(Exercise material)

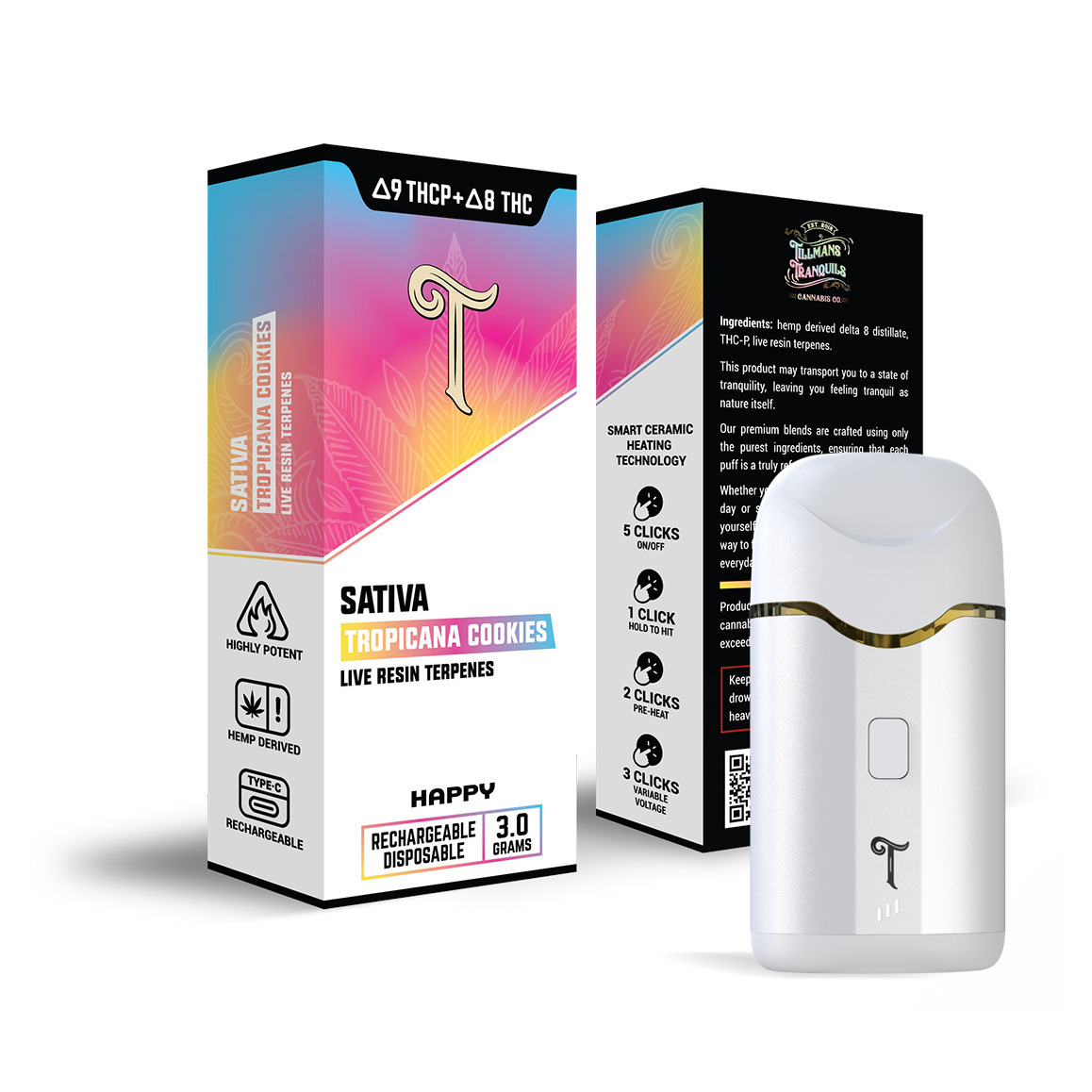 Tillmans Tranquils D9 THCP + D8 THC Live Resin 3 Gram Disposable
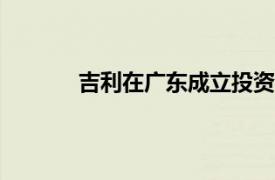 吉利在广东成立投资公司，注册资本1000万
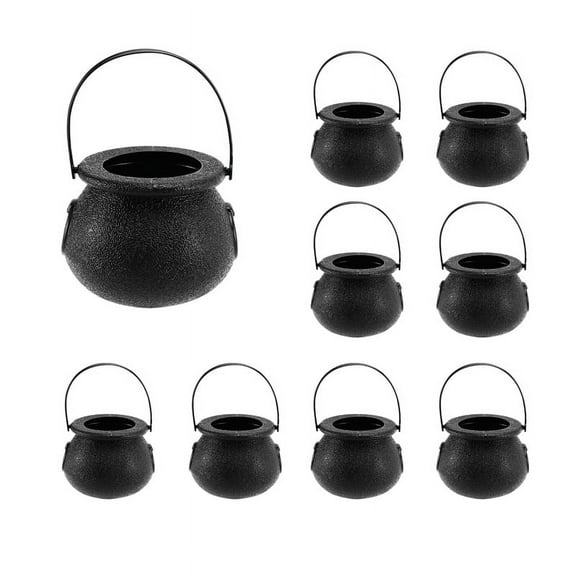 24 Pack Plastic Black Candy Bowls Cauldrons,Pot with Handle ,for , Easter, 's Day Favors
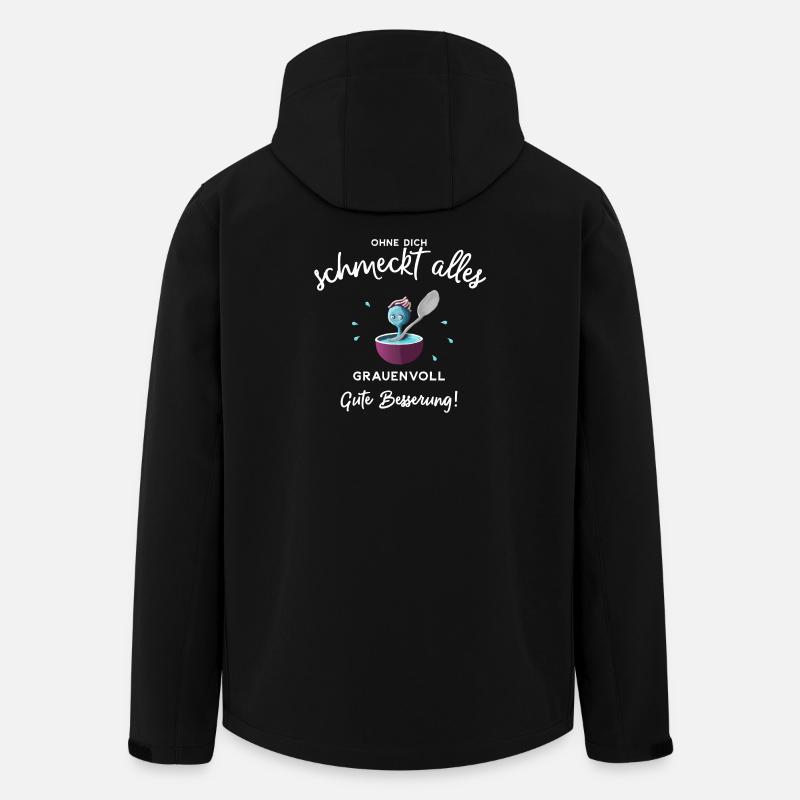 Gute Besserung ! Ohne dich schmeckts grauenvoll - Recycelte Männer Softshell-Jacke von Stanley/Stella - Schwarz
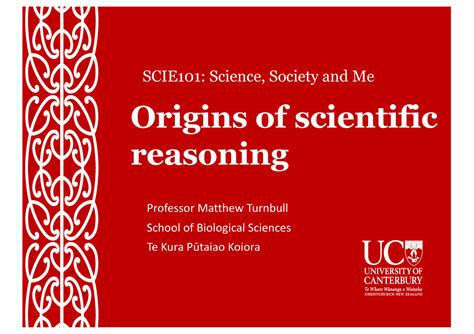 Scientific reasoning 2022 s - Origins of scientific reasoning SCIE101: Science, Society and Me ...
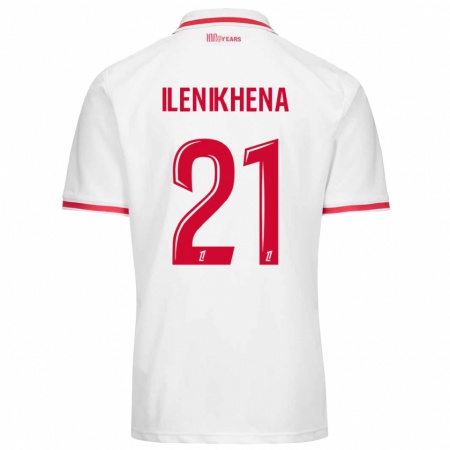 Kandiny Niño Camiseta George Ilenikhena #21 Blanco Rojo 1ª Equipación 2024/25 La Camisa Chile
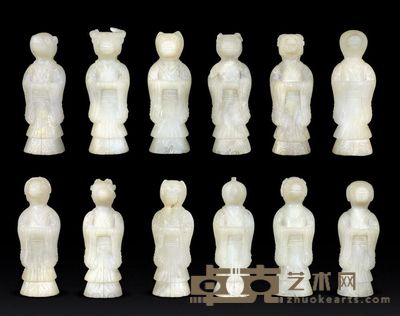 唐代 白玉十二生肖摆件 通高7.8cm；重784g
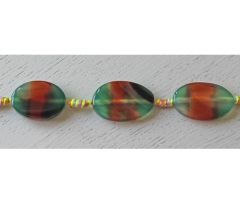 Agaat groen met rood, 29-33x21-23x7-8mm. Per stuk.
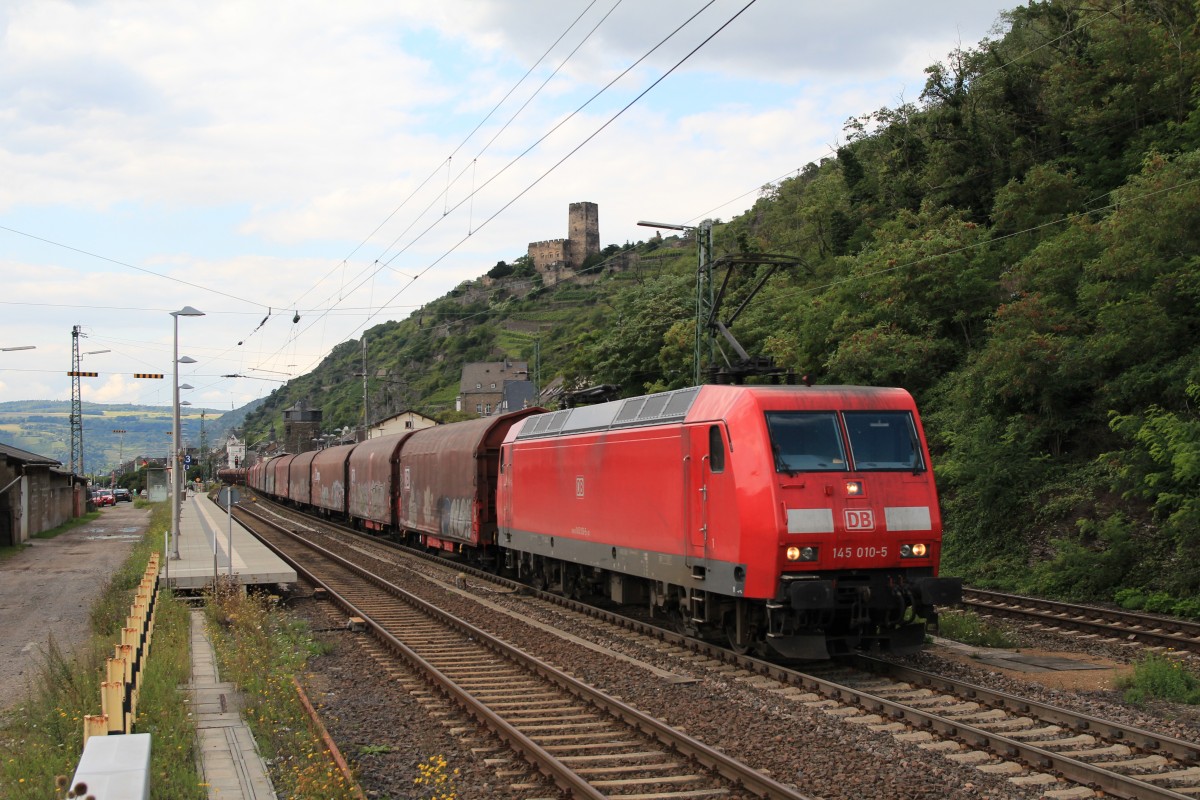 145 010-5 am 21. August 2015 in Kaub am Rhein.
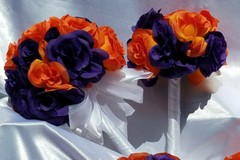 23 Pc Wedding Bouquet Set, Purple Roses, Orange Roses, White, Bouquet Package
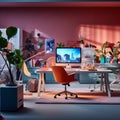 Embracing the Digital Era with an Ideal Workspace Bathed in Bright Hues and Detail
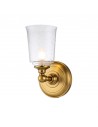 HUGUENOT Badeværelselampe i stål og glas H24,8 cm 1 x 3W G9 LED - Brændt messing/Klar med dråbeeffekt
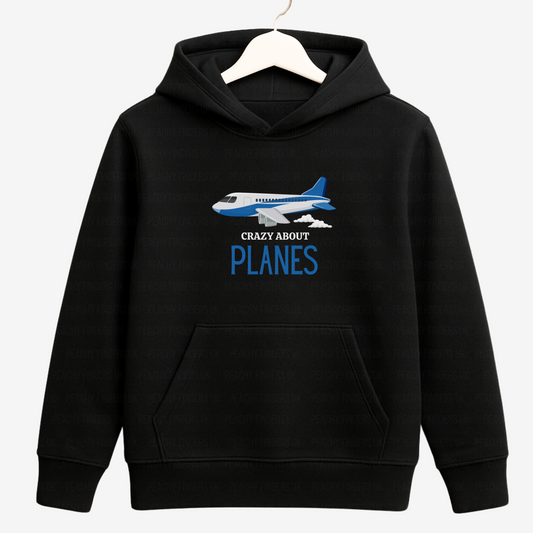 Kids black hoodie with “Crazy About Planes” text and blue and white airplane graphic on front, displayed on hanger.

(End Exercise material)

→ **Try it**: Return the lines from the one containing "24 Pack Plastic" through the last line of the records, both included, exactly as written and with no pictures.

→ **Solution**:
 24 Pack Plastic Black Candy Bowls Cauldrons,Pot with Handle ,for , Easter, 's Day Favors
 Gute Besserung ! Ohne dich schmeckts grauenvoll - Recycelte Männer Softshell-Jacke von Stanley/Stella - Schwarz
 Scientific reasoning 2022 s - Origins of scientific reasoning SCIE101: Science, Society and Me ...
 Kandiny Niño Camiseta George Ilenikhena #21 Blanco Rojo 1ª Equipación 2024/25 La Camisa Chile
 唐代 白玉十二生肖摆件 通高7.8cm；重784g
 Agaat groen met rood, 29-33x21-23x7-8mm. Per stuk.
 145 010-5 am 21. August 2015 in Kaub am Rhein.
 23 Pc Wedding Bouquet Set, Purple Roses, Orange Roses, White, Bouquet Package
 Embracing the Digital Era with an Ideal Workspace Bathed in Bright Hues and Detail
 HUGUENOT Badeværelselampe i stål og glas H24,8 cm 1 x 3W G9 LED - Brændt messing/Klar med dråbeeffekt
 Kids black hoodie with “Crazy About Planes” text and blue and white airplane graphic on front, displayed on hanger.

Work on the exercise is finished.